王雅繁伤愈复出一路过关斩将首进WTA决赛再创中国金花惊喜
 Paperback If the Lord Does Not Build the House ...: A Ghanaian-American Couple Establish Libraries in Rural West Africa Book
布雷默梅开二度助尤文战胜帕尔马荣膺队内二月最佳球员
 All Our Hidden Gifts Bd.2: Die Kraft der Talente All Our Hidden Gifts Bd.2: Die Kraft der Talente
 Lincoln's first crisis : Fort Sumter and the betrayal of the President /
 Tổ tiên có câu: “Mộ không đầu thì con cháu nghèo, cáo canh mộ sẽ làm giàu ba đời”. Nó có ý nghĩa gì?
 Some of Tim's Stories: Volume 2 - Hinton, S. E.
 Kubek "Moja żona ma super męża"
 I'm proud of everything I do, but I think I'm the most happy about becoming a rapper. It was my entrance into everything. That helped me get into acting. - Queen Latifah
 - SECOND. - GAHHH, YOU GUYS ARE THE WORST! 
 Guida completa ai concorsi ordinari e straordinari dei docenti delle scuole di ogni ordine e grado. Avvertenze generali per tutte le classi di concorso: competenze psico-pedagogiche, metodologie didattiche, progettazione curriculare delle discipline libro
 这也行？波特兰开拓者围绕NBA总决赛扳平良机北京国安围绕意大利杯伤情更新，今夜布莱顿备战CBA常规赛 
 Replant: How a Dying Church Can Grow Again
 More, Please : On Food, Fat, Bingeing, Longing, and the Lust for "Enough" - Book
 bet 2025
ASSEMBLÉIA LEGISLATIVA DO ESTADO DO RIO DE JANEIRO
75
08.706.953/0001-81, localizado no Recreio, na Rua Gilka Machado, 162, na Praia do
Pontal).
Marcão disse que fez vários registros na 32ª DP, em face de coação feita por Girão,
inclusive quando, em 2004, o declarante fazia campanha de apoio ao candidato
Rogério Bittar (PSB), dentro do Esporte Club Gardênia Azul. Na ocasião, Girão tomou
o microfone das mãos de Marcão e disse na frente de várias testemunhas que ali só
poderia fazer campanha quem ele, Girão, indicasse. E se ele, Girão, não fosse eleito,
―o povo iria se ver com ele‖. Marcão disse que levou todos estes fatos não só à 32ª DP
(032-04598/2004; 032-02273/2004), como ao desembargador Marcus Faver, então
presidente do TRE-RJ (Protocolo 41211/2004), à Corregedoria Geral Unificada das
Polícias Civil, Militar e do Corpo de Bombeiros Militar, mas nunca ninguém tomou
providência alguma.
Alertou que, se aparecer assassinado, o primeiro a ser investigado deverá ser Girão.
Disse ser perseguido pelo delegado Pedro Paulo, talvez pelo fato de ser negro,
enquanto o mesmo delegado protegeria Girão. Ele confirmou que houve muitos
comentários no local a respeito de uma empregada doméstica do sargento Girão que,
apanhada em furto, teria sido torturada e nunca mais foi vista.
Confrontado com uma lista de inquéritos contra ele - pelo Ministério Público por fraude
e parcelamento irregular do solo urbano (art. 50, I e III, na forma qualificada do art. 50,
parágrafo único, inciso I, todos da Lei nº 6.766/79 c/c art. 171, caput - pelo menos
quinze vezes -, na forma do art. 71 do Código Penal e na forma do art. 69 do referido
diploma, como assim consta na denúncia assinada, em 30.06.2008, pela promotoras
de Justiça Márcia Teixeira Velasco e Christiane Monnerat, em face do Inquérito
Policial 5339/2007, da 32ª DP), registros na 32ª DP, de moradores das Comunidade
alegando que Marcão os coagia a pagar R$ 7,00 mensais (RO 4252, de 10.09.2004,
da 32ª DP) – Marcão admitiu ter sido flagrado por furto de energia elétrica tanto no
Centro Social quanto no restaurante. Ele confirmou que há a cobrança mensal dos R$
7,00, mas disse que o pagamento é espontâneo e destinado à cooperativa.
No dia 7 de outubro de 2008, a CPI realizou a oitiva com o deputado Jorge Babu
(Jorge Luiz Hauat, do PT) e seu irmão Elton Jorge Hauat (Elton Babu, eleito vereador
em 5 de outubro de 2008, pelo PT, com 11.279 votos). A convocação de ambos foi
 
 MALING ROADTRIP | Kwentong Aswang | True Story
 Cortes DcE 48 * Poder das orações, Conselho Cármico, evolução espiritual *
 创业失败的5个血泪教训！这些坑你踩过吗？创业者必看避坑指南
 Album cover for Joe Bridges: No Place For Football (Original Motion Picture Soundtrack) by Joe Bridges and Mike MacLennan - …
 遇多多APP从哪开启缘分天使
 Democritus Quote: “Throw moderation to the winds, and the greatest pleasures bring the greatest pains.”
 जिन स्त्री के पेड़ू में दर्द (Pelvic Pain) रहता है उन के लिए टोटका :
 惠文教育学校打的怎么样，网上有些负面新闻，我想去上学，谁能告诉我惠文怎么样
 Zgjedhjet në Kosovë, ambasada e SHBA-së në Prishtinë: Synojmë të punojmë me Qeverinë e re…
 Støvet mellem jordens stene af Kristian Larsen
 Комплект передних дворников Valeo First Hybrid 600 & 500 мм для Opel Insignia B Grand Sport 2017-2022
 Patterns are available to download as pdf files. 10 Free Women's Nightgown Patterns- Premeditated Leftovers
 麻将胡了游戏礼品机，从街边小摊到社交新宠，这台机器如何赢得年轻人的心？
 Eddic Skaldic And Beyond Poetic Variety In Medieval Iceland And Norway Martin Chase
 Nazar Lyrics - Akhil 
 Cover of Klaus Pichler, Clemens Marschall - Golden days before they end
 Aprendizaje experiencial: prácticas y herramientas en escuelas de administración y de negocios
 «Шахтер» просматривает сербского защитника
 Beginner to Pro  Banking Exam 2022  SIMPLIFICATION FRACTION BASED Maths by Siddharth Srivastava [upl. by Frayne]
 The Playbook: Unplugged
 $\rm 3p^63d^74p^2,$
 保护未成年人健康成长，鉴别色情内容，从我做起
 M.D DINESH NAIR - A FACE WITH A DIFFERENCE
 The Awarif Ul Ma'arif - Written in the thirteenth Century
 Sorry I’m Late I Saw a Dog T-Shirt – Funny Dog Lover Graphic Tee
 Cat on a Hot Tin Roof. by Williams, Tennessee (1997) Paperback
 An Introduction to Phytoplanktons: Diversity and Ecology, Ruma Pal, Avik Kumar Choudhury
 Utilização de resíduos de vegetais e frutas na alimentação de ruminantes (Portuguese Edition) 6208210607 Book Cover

───

▶ Instructions for the task
Among the records above, extract exactly the lines from the line with "parágrafo único, inciso" to the line with "जिन स्त्री के", both lines included, and leave out the rest.

▶ Reply
parágrafo único, inciso I, todos da Lei nº 6.766/79 c/c art. 171, caput - pelo menos
quinze vezes -, na forma do art. 71 do Código Penal e na forma do art. 69 do referido
diploma, como assim consta na denúncia assinada, em 30.06.2008, pela promotoras
de Justiça Márcia Teixeira Velasco e Christiane Monnerat, em face do Inquérito
Policial 5339/2007, da 32ª DP), registros na 32ª DP, de moradores das Comunidade
alegando que Marcão os coagia a pagar R$ 7,00 mensais (RO 4252, de 10.09.2004,
da 32ª DP) – Marcão admitiu ter sido flagrado por furto de energia elétrica tanto no
Centro Social quanto no restaurante. Ele confirmou que há a cobrança mensal dos R$
7,00, mas disse que o pagamento é espontâneo e destinado à cooperativa.
No dia 7 de outubro de 2008, a CPI realizou a oitiva com o deputado Jorge Babu
(Jorge Luiz Hauat, do PT) e seu irmão Elton Jorge Hauat (Elton Babu, eleito vereador
em 5 de outubro de 2008, pelo PT, com 11.279 votos). A convocação de ambos foi
 
 MALING ROADTRIP | Kwentong Aswang | True Story
 Cortes DcE 48 * Poder das orações, Conselho Cármico, evolução espiritual *
 创业失败的5个血泪教训！这些坑你踩过吗？创业者必看避坑指南
 Album cover for Joe Bridges: No Place For Football (Original Motion Picture Soundtrack) by Joe Bridges and Mike MacLennan - …
 遇多多APP从哪开启缘分天使
 Democritus Quote: “Throw moderation to the winds, and the greatest pleasures bring the greatest pains.”
 जिन स्त्री के पेड़ू में दर्द (Pelvic Pain) रहता है उन के लिए टोटका :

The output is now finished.